▶ What you should do:
Repeat all of the data exactly. Leave nothing out.

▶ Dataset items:

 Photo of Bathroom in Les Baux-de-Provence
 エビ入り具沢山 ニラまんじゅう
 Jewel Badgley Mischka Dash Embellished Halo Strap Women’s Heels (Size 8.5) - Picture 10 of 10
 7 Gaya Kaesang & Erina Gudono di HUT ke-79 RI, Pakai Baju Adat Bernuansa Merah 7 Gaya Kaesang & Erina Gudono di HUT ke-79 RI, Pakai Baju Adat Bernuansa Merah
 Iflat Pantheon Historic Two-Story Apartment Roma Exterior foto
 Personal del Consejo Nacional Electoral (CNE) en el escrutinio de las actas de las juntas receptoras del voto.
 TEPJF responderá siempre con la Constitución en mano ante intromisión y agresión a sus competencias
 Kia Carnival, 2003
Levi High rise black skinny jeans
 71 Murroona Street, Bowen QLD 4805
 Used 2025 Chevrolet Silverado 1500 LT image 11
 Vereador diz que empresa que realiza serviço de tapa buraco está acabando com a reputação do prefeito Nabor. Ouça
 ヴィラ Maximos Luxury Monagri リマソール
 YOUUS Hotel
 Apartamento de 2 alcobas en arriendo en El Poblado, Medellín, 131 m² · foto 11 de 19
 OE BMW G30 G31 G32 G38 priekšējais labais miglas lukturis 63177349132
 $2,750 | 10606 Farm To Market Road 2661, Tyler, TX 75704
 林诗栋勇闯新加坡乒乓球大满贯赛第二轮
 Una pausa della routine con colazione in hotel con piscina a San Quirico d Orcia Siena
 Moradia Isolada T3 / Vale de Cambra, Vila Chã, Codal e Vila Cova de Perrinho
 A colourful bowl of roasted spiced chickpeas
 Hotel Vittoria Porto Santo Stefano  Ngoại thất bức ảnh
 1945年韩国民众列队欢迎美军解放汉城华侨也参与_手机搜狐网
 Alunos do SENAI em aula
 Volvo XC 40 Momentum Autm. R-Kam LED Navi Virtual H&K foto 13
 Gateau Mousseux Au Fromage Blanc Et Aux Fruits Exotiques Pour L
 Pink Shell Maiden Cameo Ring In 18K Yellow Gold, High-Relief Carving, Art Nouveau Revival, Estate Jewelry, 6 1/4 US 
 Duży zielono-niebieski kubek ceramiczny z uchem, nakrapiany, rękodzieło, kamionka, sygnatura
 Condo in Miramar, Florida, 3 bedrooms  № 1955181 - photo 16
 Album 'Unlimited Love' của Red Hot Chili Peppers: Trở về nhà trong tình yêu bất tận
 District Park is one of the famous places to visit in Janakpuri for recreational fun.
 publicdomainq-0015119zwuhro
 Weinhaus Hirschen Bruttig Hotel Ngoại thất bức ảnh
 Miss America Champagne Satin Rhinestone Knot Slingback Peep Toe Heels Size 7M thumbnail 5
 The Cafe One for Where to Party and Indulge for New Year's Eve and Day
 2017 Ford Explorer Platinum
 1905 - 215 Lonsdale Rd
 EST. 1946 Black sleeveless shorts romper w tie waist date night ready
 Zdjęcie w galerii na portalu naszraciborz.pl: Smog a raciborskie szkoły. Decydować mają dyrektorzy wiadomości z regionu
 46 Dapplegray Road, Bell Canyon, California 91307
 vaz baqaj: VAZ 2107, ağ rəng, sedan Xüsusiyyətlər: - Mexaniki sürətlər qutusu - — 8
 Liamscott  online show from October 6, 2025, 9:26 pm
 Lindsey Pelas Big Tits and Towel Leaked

▶ Exercise response:
 Photo of Bathroom in Les Baux-de-Provence
 エビ入り具沢山 ニラまんじゅう
 Jewel Badgley Mischka Dash Embellished Halo Strap Women’s Heels (Size 8.5) - Picture 10 of 10
 7 Gaya Kaesang & Erina Gudono di HUT ke-79 RI, Pakai Baju Adat Bernuansa Merah 7 Gaya Kaesang & Erina Gudono di HUT ke-79 RI, Pakai Baju Adat Bernuansa Merah
 Iflat Pantheon Historic Two-Story Apartment Roma Exterior foto
 Personal del Consejo Nacional Electoral (CNE) en el escrutinio de las actas de las juntas receptoras del voto.
 TEPJF responderá siempre con la Constitución en mano ante intromisión y agresión a sus competencias
 Kia Carnival, 2003
Levi High rise black skinny jeans
 71 Murroona Street, Bowen QLD 4805
 Used 2025 Chevrolet Silverado 1500 LT image 11
 Vereador diz que empresa que realiza serviço de tapa buraco está acabando com a reputação do prefeito Nabor. Ouça
 ヴィラ Maximos Luxury Monagri リマソール
 YOUUS Hotel
 Apartamento de 2 alcobas en arriendo en El Poblado, Medellín, 131 m² · foto 11 de 19
 OE BMW G30 G31 G32 G38 priekšējais labais miglas lukturis 63177349132
 $2,750 | 10606 Farm To Market Road 2661, Tyler, TX 75704
 林诗栋勇闯新加坡乒乓球大满贯赛第二轮
 Una pausa della routine con colazione in hotel con piscina a San Quirico d Orcia Siena
 Moradia Isolada T3 / Vale de Cambra, Vila Chã, Codal e Vila Cova de Perrinho
 A colourful bowl of roasted spiced chickpeas
 Hotel Vittoria Porto Santo Stefano  Ngoại thất bức ảnh
 1945年韩国民众列队欢迎美军解放汉城华侨也参与_手机搜狐网
 Alunos do SENAI em aula
 Volvo XC 40 Momentum Autm. R-Kam LED Navi Virtual H&K foto 13
 Gateau Mousseux Au Fromage Blanc Et Aux Fruits Exotiques Pour L
 Pink Shell Maiden Cameo Ring In 18K Yellow Gold, High-Relief Carving, Art Nouveau Revival, Estate Jewelry, 6 1/4 US 
 Duży zielono-niebieski kubek ceramiczny z uchem, nakrapiany, rękodzieło, kamionka, sygnatura
 Condo in Miramar, Florida, 3 bedrooms  № 1955181 - photo 16
 Album 'Unlimited Love' của Red Hot Chili Peppers: Trở về nhà trong tình yêu bất tận
 District Park is one of the famous places to visit in Janakpuri for recreational fun.
 publicdomainq-0015119zwuhro
 Weinhaus Hirschen Bruttig Hotel Ngoại thất bức ảnh
 Miss America Champagne Satin Rhinestone Knot Slingback Peep Toe Heels Size 7M thumbnail 5
 The Cafe One for Where to Party and Indulge for New Year's Eve and Day
 2017 Ford Explorer Platinum
 1905 - 215 Lonsdale Rd
 EST. 1946 Black sleeveless shorts romper w tie waist date night ready
 Zdjęcie w galerii na portalu naszraciborz.pl: Smog a raciborskie szkoły. Decydować mają dyrektorzy wiadomości z regionu
 46 Dapplegray Road, Bell Canyon, California 91307
 vaz baqaj: VAZ 2107, ağ rəng, sedan Xüsusiyyətlər: - Mexaniki sürətlər qutusu - — 8
 Liamscott  online show from October 6, 2025, 9:26 pm
 Lindsey Pelas Big Tits and Towel Leaked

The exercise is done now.